▶ _What to work on_: Would you retype the lines from the one that holds "Fender Primed Front" to the final line of the entries below, both ends included and exactly as written, but without pictures?

▶ _Stored data entries_:
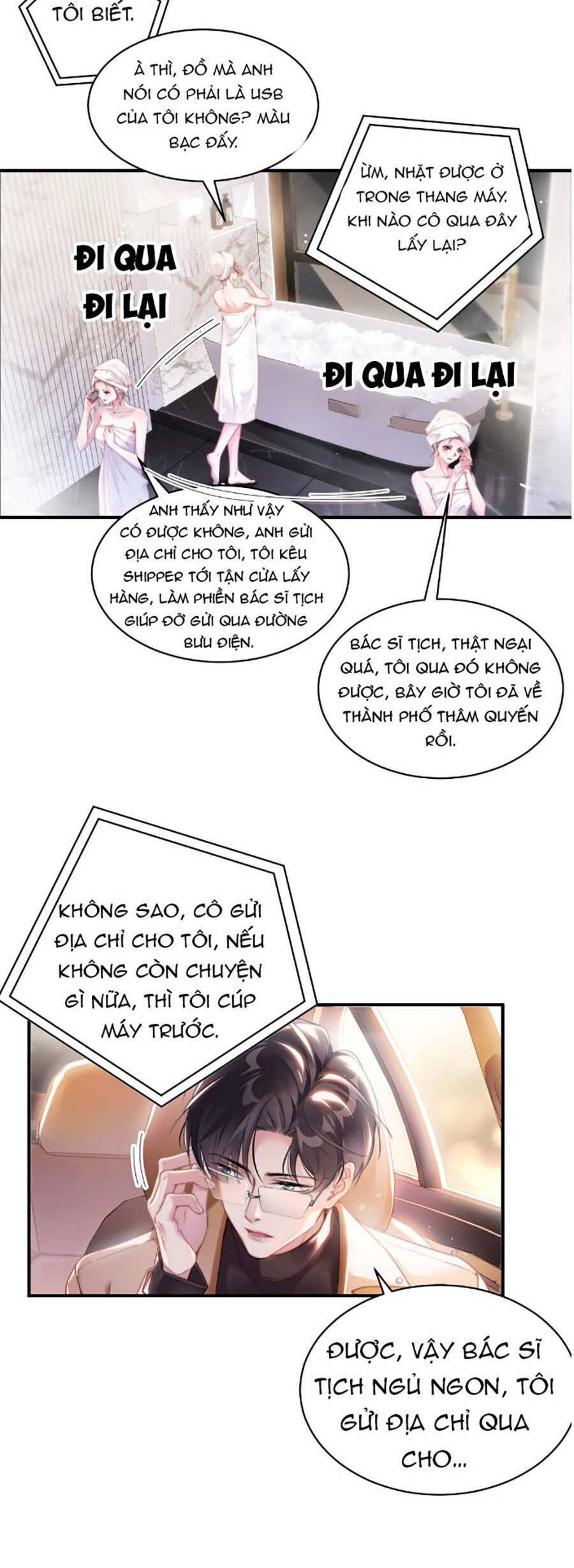 Theo Đuổi Anh Chồng Bác Sĩ Chapter 2 - 24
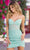 Sherri Hill 55847 - Sweetheart Corset Cocktail Dress Cocktail Dresses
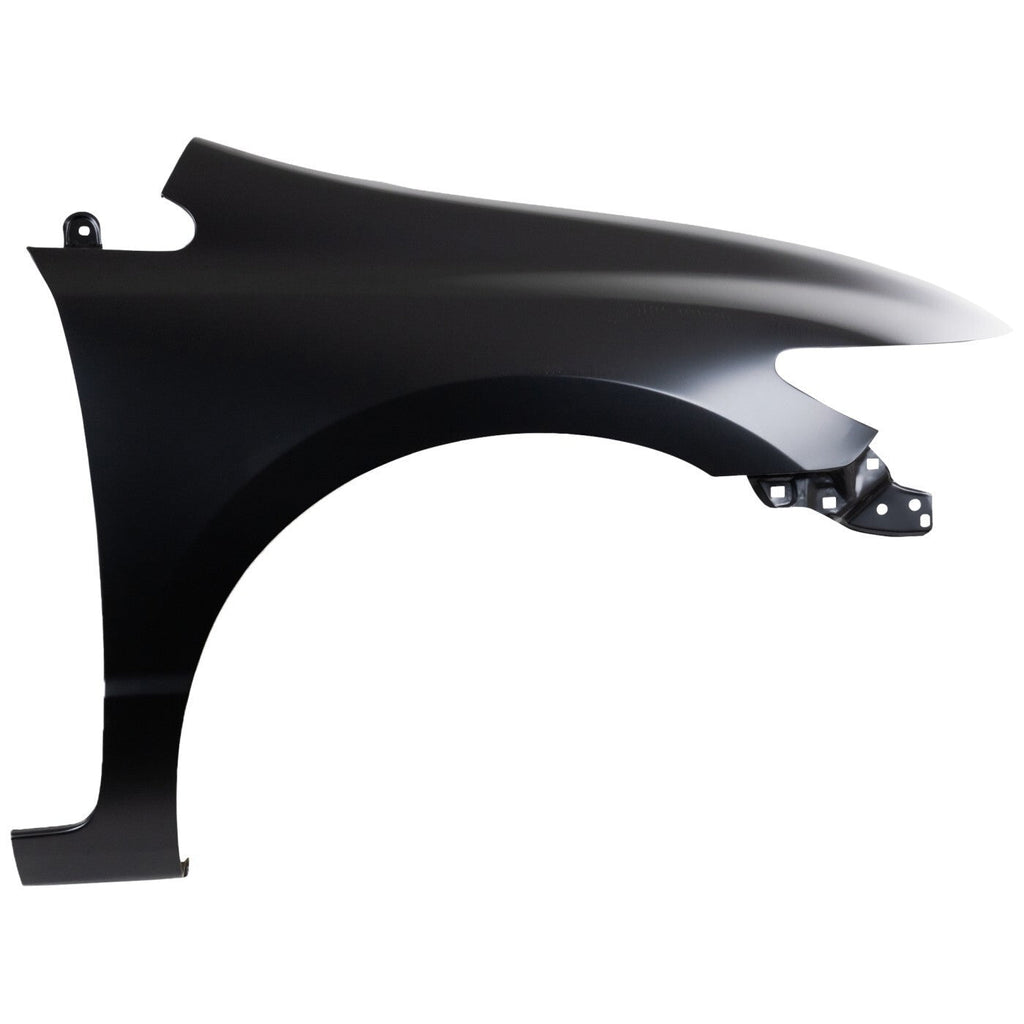 Fender Primed Front Passenger Side For 2006-2011 Honda Civic Coupe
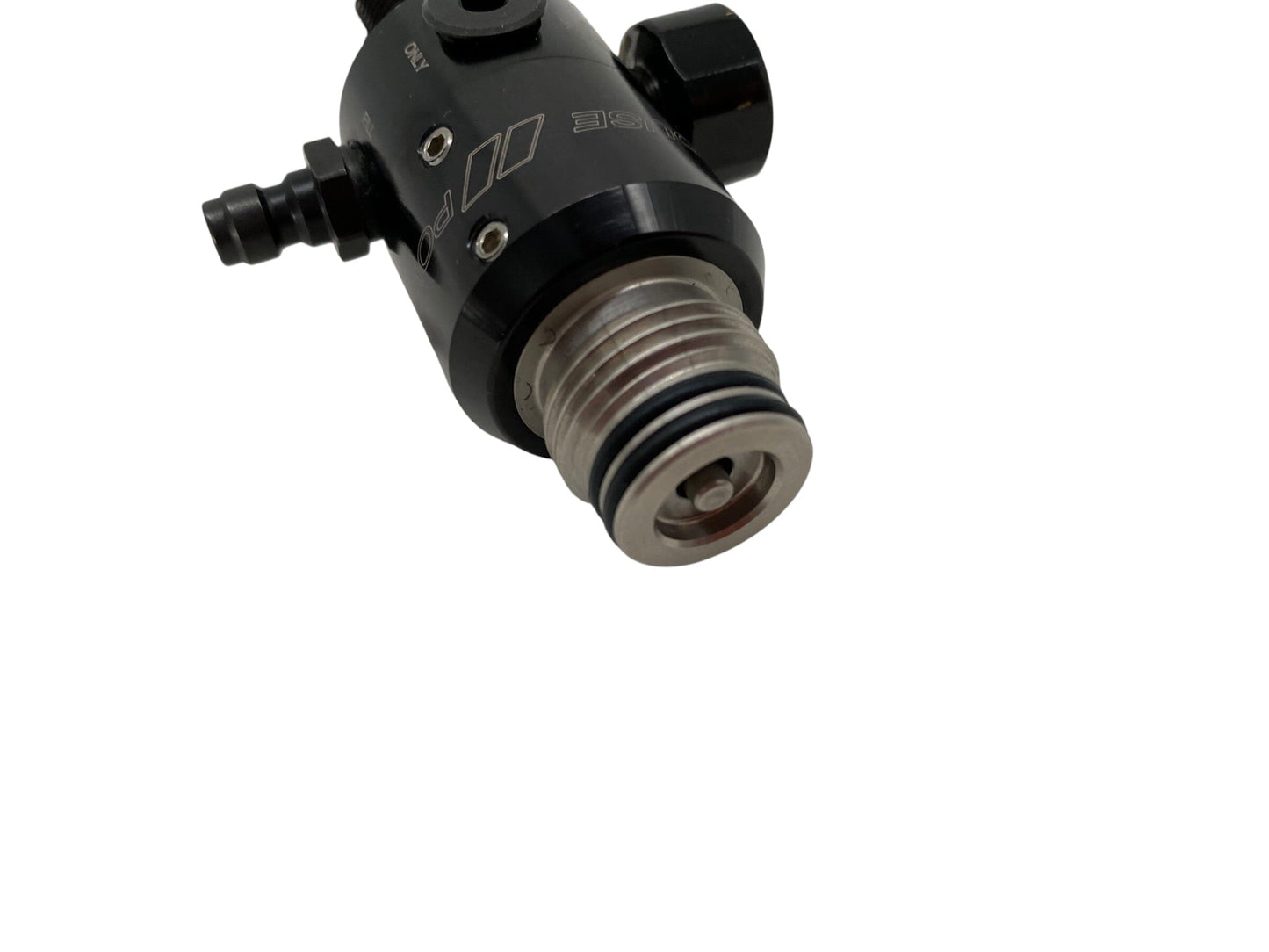 Used POWERHOUSE COUNTERPUNCH REGULATOR BLACK Paintball Gun from CPXBrosPaintball Buy/Sell/Trade Paintball Markers, New Paintball Guns, Paintball Hoppers, Paintball Masks, and Hormesis Headbands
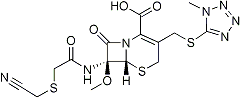 PI-13846 Cefmetazole (56796-39-5)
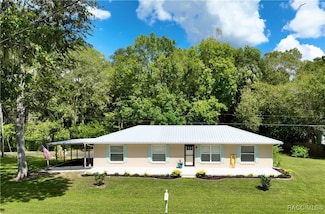 199 Mastadon Dr, Inglis, FL 34449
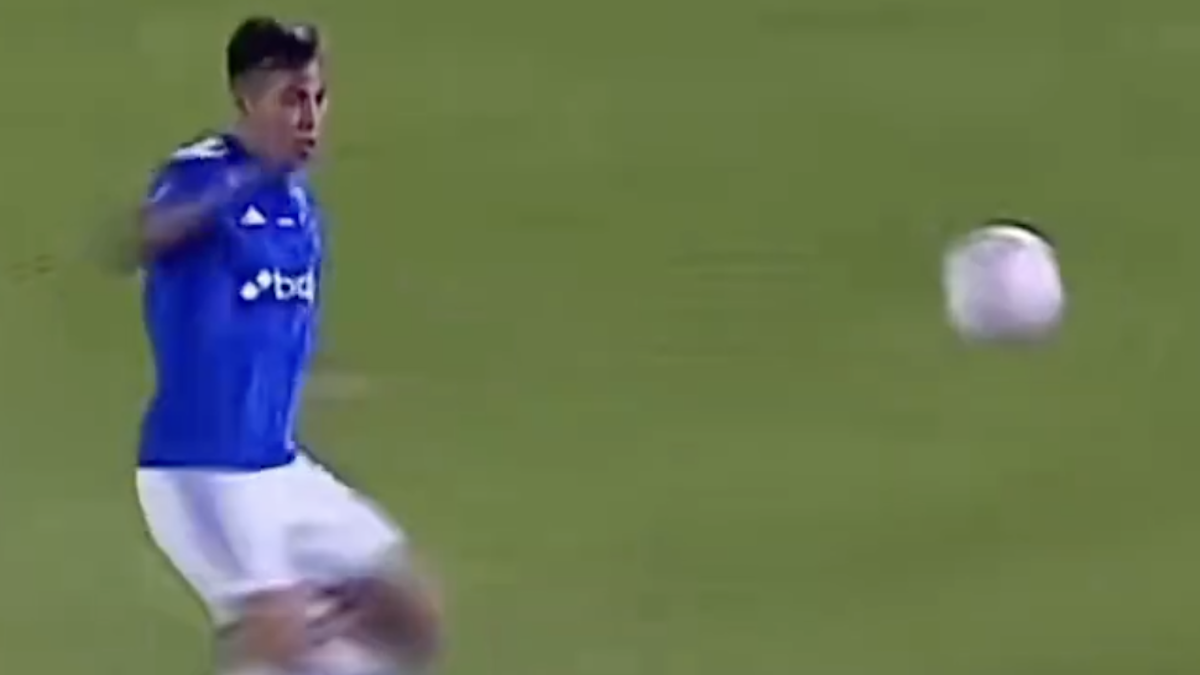 Gol Kaio Jorge, l'ex Juve IMPRESSIONA con il Cruzeiro: la rete è CLAMOROSA - VIDEO 36 Gol Kaio Jorge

▶ _Result for this exercise_:
 Fender Primed Front Passenger Side For 2006-2011 Honda Civic Coupe
 Used POWERHOUSE COUNTERPUNCH REGULATOR BLACK Paintball Gun from CPXBrosPaintball Buy/Sell/Trade Paintball Markers, New Paintball Guns, Paintball Hoppers, Paintball Masks, and Hormesis Headbands
 PI-13846 Cefmetazole (56796-39-5)
 199 Mastadon Dr, Inglis, FL 34449
 Gol Kaio Jorge, l'ex Juve IMPRESSIONA con il Cruzeiro: la rete è CLAMOROSA - VIDEO 36 Gol Kaio Jorge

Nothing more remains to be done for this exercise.